A measure $\mu$ defined on the Lebesgue measurable sets of the real line with values in $[0, \infty]$ is said to be discrete if there exists a (possibly finite) sequence of numbers

$s_1, s_2, \dots \,$

such that

$\mu(\mathbb R\backslash\{s_1, s_2, \dots\})=0.$

The simplest example of a discrete measure on the real line is the Dirac delta function $\delta.$ One has $\delta(\mathbb R\backslash\{0\})=0$ and $\delta(\{0\})=1.$

More generally, if $s_1, s_2, \dots$ is a (possibly finite) sequence of real numbers, $a_1, a_2, \dots$ is a sequence of numbers in $[0, \infty]$ of the same length, one can consider the Dirac measures $\delta_{s_i}$ defined by

$\delta_{s_i}(X) = \begin{cases} 1 & \mbox { if } s_i \in X\\ 0 & \mbox { if } s_i \not\in X\\ \end{cases}$

for any Lebesgue measurable set $X.$ Then, the measure

$\mu = \sum_{i} a_i \delta_{s_i}$

is a discrete measure.

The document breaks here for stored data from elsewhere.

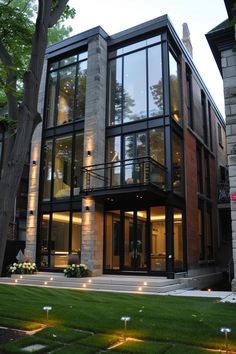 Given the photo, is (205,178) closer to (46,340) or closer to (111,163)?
(111,163)

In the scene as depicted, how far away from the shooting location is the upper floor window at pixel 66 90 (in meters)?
18.0

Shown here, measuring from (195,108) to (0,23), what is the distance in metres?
13.5

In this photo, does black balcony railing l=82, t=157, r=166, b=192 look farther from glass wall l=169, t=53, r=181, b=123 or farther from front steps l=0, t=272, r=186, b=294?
front steps l=0, t=272, r=186, b=294

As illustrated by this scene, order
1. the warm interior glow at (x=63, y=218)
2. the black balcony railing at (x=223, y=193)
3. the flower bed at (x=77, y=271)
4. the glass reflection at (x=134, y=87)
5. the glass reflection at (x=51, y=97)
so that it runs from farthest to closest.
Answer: the black balcony railing at (x=223, y=193)
the glass reflection at (x=51, y=97)
the warm interior glow at (x=63, y=218)
the glass reflection at (x=134, y=87)
the flower bed at (x=77, y=271)

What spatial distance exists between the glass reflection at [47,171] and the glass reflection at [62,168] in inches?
14.3

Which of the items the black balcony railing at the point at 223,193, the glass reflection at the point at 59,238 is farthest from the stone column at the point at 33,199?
the black balcony railing at the point at 223,193

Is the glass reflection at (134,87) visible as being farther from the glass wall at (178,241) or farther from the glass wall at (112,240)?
the glass wall at (178,241)

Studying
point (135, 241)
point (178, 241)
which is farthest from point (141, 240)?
point (178, 241)

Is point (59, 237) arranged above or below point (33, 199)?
below

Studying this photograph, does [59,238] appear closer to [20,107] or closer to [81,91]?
[81,91]

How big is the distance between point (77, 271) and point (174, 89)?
9003mm

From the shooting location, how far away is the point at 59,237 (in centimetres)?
1703

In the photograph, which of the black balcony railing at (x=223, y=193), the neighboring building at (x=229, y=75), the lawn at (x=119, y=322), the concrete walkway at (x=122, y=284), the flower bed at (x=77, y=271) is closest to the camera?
the lawn at (x=119, y=322)

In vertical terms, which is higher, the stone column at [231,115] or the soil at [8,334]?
the stone column at [231,115] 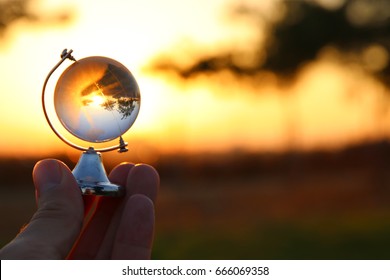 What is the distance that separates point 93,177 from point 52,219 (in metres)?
0.34

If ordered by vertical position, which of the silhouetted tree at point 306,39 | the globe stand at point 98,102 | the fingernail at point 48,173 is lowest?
the fingernail at point 48,173

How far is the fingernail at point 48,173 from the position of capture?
3.28 metres

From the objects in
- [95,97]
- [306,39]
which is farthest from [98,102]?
[306,39]

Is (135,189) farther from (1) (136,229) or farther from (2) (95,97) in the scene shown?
(2) (95,97)

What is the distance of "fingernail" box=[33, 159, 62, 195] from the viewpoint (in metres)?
3.28

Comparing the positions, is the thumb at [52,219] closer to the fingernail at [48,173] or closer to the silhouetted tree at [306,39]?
the fingernail at [48,173]

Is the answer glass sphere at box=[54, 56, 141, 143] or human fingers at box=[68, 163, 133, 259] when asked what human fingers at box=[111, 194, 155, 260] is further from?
glass sphere at box=[54, 56, 141, 143]

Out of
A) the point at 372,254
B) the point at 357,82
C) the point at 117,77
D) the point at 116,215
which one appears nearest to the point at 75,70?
the point at 117,77

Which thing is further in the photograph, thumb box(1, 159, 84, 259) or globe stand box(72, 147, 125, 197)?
globe stand box(72, 147, 125, 197)

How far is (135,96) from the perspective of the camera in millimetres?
3387

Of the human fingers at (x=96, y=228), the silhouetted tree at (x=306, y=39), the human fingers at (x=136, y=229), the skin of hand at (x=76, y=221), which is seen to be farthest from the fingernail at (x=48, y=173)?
the silhouetted tree at (x=306, y=39)

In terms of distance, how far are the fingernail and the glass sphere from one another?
24 centimetres

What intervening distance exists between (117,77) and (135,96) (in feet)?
0.49

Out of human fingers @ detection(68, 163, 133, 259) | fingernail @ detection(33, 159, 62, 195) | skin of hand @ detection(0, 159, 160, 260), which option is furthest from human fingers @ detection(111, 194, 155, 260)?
fingernail @ detection(33, 159, 62, 195) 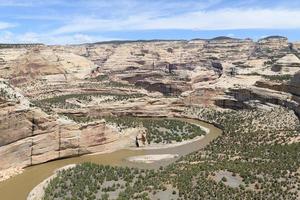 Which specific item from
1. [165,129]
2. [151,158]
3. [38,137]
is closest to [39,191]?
[38,137]

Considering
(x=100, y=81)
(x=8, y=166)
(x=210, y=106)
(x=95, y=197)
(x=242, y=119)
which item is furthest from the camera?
(x=100, y=81)

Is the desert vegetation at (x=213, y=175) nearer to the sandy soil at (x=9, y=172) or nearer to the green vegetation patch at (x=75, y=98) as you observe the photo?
the sandy soil at (x=9, y=172)

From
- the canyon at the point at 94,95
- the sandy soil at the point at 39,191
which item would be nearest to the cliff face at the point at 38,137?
the canyon at the point at 94,95

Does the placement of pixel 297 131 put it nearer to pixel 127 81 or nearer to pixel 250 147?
pixel 250 147

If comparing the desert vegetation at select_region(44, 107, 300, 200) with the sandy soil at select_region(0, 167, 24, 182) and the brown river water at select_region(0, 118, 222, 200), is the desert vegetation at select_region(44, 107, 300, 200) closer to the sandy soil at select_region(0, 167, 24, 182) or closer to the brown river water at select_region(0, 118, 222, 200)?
the brown river water at select_region(0, 118, 222, 200)

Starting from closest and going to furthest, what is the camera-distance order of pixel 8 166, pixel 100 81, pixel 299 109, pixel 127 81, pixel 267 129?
pixel 8 166 < pixel 267 129 < pixel 299 109 < pixel 100 81 < pixel 127 81

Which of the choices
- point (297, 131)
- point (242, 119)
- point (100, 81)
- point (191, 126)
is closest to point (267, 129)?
point (297, 131)

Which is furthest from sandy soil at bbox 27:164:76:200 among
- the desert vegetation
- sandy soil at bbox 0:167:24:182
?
sandy soil at bbox 0:167:24:182

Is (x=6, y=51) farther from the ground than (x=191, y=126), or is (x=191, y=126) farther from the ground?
Result: (x=6, y=51)

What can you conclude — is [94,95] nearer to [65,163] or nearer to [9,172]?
[65,163] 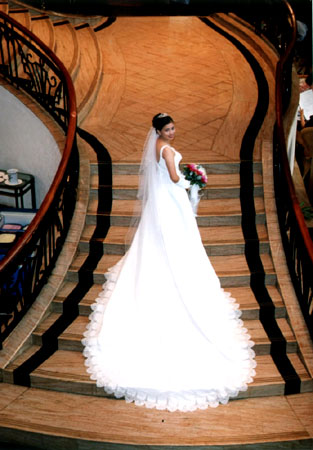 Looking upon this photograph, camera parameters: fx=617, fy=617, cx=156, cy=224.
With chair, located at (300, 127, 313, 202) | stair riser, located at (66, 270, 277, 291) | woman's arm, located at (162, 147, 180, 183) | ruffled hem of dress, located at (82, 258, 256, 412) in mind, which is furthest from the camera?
chair, located at (300, 127, 313, 202)

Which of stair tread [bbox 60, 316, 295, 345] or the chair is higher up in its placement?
the chair

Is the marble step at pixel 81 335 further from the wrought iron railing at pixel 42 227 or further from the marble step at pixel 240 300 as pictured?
the wrought iron railing at pixel 42 227

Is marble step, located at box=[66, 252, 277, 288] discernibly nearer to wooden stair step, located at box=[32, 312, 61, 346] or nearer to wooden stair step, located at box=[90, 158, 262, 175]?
wooden stair step, located at box=[32, 312, 61, 346]

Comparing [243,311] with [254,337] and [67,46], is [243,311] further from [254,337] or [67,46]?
[67,46]

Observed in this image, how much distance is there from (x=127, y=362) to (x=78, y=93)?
4519mm

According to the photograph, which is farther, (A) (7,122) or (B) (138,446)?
(A) (7,122)

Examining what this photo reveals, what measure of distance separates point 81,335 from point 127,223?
1474mm

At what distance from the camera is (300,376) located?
520 centimetres

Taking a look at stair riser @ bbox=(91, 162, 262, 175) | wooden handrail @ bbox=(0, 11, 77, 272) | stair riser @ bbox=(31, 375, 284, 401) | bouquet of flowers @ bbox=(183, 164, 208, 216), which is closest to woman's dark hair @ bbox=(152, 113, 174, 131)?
bouquet of flowers @ bbox=(183, 164, 208, 216)

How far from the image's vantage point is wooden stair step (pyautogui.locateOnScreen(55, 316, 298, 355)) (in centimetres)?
546

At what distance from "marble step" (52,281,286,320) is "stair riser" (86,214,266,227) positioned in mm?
798

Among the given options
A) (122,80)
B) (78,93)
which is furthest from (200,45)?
(78,93)

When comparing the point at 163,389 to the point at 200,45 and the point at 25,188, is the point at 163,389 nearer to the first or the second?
the point at 25,188

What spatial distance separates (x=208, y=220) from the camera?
21.5ft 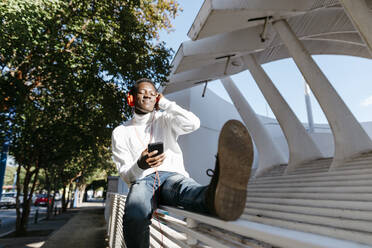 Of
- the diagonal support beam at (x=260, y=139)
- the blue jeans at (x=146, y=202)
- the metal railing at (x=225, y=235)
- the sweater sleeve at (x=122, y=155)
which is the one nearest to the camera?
the metal railing at (x=225, y=235)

In fact, one may prove that any discrete measure on the real line has this form for appropriately chosen sequences $s_1, s_2, \dots$ and $a_1, a_2, \dots$

## Extensions

One may extend the notion of discrete measures to more general measure spaces. Given a measure space $(X, \Sigma),$ and two measures $\mu$ and $\nu$ on it, $\mu$ is said to be discrete in respect to $\nu$ if there exists an at most countable subset $S$ of $X$ such that

1. All singletons $\{s\}$ with $s$ in $S$ are measurable (which implies that any subset of $S$ is measurable)
2. $\nu(S)=0\,$
3. $\mu(X\backslash S)=0.\,$

Notice that the first two requirements are always satisfied for an at most countable subset of the real line if $\nu$ is the Lebesgue measure, so they were not necessary in the first definition above.

As in the case of measures on the real line, a measure $\mu$ on $(X, \Sigma)$ is discrete in respect to another measure $\nu$ on the same space if and only if $\mu$ has the form

$\mu = \sum_{i} a_i \delta_{s_i}$

where $S=\{s_1, s_2, \dots\},$ the singletons $\{s_i\}$ are in $\Sigma,$ and their $\nu$ measure is 0.

One can also define the concept of discreteness for signed measures. Then, instead of conditions 2 and 3 above one should ask that $\nu$ be zero on all measurable subsets of $S$ and $\mu$ be zero on measurable subsets of $X\backslash S.$

## References

• Kurbatov, V. G. (1999). Functional differential operators and equations. Kluwer Academic Publishers. ISBN 0-7923-5624-1.